De cuando en cuando, vemos que se persigue o se castiga a alguien de forma ilegal, que se “justifica” por la “maldad” de esa persona, por la necesaria “eficacia” de la persecución y el castigo y por la pretendida excepcionalidad del caso. La conformidad individual con ese esquema de actuación es mortífera para el buen sentido personal. La conformidad colectiva, letal para una sociedad civil libre. Cuando se consiente una sola vez responder o reprimir al “mal” con “eficacia” antijurídica o ajurídica —contraria o marginal respecto al Derecho—, además de arriesgarse a tomar por “malo” a quien quizá no merece esa calificación, se está justificando la respuesta arbitraria, no regulada por una medida objetiva —la ley, el Derecho— y se realiza un acto propio tremendo: se admite —quiérase o no, se admite— cualquier arbitrariedad posterior de la que uno mismo sea la víctima.
Es ésta una cuestión de principios que no pueden claudicar, de regla sin excepción. O la arbitrariedad —con su alto riesgo de exceso, de irracionalidad, de injusticia material— o el Derecho. Si admitimos, proponemos o fomentamos que se tale el bosque del Derecho para atrapar al diablo, ¿en qué bosque nos refugiaremos cuando él nos persiga? Si se consiente una sola vez que el gobernante desobedezca, cuando debe obedecer, se viene a admitir que el gobernante, en otra ocasión, haga caso omiso de la decisión judicial que uno ha pedido y que constituye su tutela. Si toleramos, siquiera sea con el silencio, que se fulminen juicios de maldad por quien no debe y de un modo indebido y que se proceda contra los fulminados sin levantar mano, todo ello en aras de la “eficacia”, ¿con qué legitimidad podremos oponernos a que un mal día seamos nosotros los caprichosamente tachados de diablos o malvados y perseguidos como tales con esa misma “eficacia”?

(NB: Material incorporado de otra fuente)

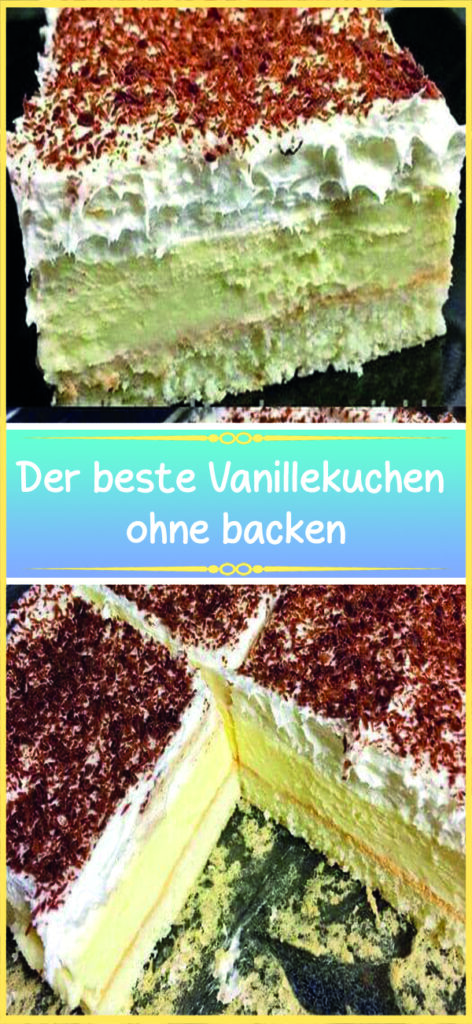 Der beste Vanillekuchen ohne backen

“Mientras hablas, se escapó”, dice Alicia, desesperada. Mientras tratamos de “teorías”, dirán muchas Alicias, los criminales matan y siguen matando. Lo que urge, nos dirán, es prevenir e impedir o, al menos, castigar los asesinatos y demás fechorías. Es muy razonable y justa esa urgencia. Mas, precisamente porque lo que urge es algo tan decisivo como delicado, el apremio no debe traducirse en intemperancia despótica o en imprudencia temeraria. Esa urgencia no se atiende de veras prescindiendo o contrariando el Derecho, sino extremando el respeto a la ley y el sometimiento al Derecho. Someternos a la ley, acomodarnos sin excepciones al Derecho –mejorándolo cuando sea necesario- es la mejor garantía frente a la tentación –nuestra o de otros- de tratar con dureza y arbitrariedad al adversario. Es la seguridad de que de no igualarnos por completo con el violento. Porque se trata de no caer en esa igualdad, que sólo la fuerza bruta resuelve. Claro está que, frente al crimen, no tenemos armas iguales. Pero la aparente inferioridad del Derecho es la superioridad de la civilización. Y es también la imprescindible legitimidad para cualquier defensa contundente.